### Material for the task
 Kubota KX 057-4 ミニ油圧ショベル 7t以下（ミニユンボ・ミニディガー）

==

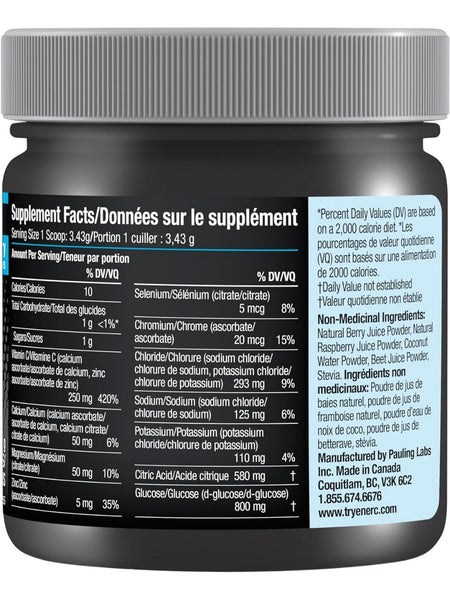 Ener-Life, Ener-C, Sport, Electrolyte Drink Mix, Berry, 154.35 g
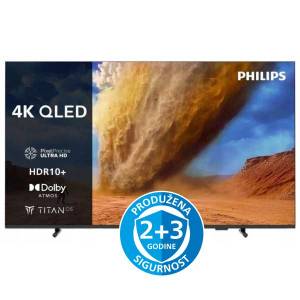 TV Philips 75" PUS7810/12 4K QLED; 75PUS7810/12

### Assigned task
Find the line with "Ener-Life, Ener-C, Sport, Electrolyte" in the data above, and from there retype each line exactly through the line with "4K QLED; 75PUS7810/12", skipping the pictures along the way.

### Solution to this problem
 Ener-Life, Ener-C, Sport, Electrolyte Drink Mix, Berry, 154.35 g
 TV Philips 75" PUS7810/12 4K QLED; 75PUS7810/12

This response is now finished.